Hospitalization Digoxin EER Placebo CER RRR (95% CI) ARR |EER - CER| NNT (CI)
Total 64% 67% 4.1% (0.8 to 7.4) 3% 36 (20 to 196)
For worsening heart failure 27% 35% 23% (17 to 28) 8% 13 (10 to 18)
For cardiovascular causes 50% 54% 8% (4 to 12) 4% 22 (15 to 47)

*Abbreviations defined in Glossary; RRR, ARR, NNT, and CI calculated from data in article.


Drug therapy in patients with congestive heart failure has been extensively studied. The Study of Left Ventricular Dysfunction (SOLVD) trial (1) showed that the ACE inhibitor enalapril reduced mortality and hospitalizations. The Evaluation of Losartan in the Elderly (ELITE) trial (2) suggested that treatment with an angiotensin II inhibitor caused reductions in morbidity and mortality. These issues were examined for the use of digoxin in this study of 6800 patients with heart failure, sinus rhythm, and an LVEF of ≤ 45%. Digoxin or a placebo was added to an ACE inhibitor (94%) and diuretics (82%). Mortality did not differ between the 2 groups. Previous studies with inotropic agents actually showed increased mortality.

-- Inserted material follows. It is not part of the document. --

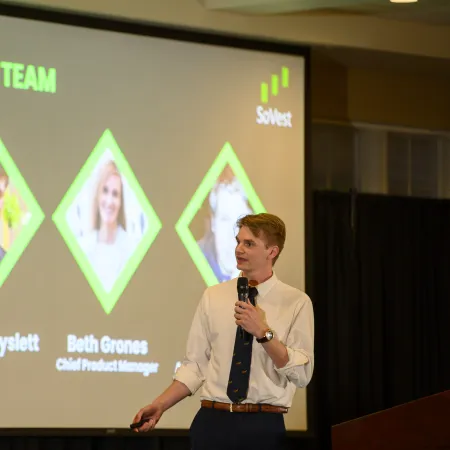 Man in white shirt and tie presenting company team slide with photos and roles at a conference or meeting.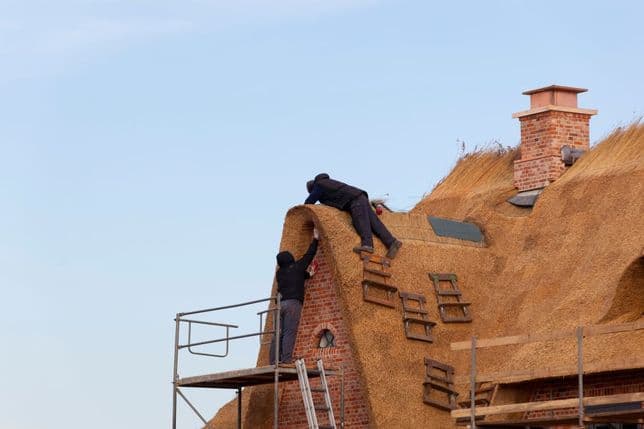 Two workers on scaffolding install a thatched roof on a brick house under a clear blue sky.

There was a 25% reduction in the number of hospitalizations for worsening heart failure with digoxin. In comparison, in the SOLVD trial, enalapril caused a 30% reduction in hospitalization (but also reduced mortality). As with ACE inhibitors, the benefit of digoxin treatment seemed to be greatest in patients with lower LVEFs, cardiomegaly, or NYHA class II or IV.

Digoxin also decreased hospitalizations for worsening heart failure in an ancillary trial of 988 patients who had LVEF > 45%. The mechanism for this benefit was not discussed.

This study confirms the suggestion of clinical benefit with digoxin use shown as far back as 1982 in the first randomized, but small, trial of digoxin compared with placebo (3).

Robert Weiss, MD
Androscoggin Cardiology AssociatesAuburn, Maine, USA


1. The SOLVD Investigators. N Engl J Med. 1991;325:293-302.

2. Pitt B, Segal R, Martinez FA, et al. Lancet. 1997;349:747-52.

3. Lee DC, Johnson RA, Bingham JB, et al. N Engl J Med. 1982;306:699-705.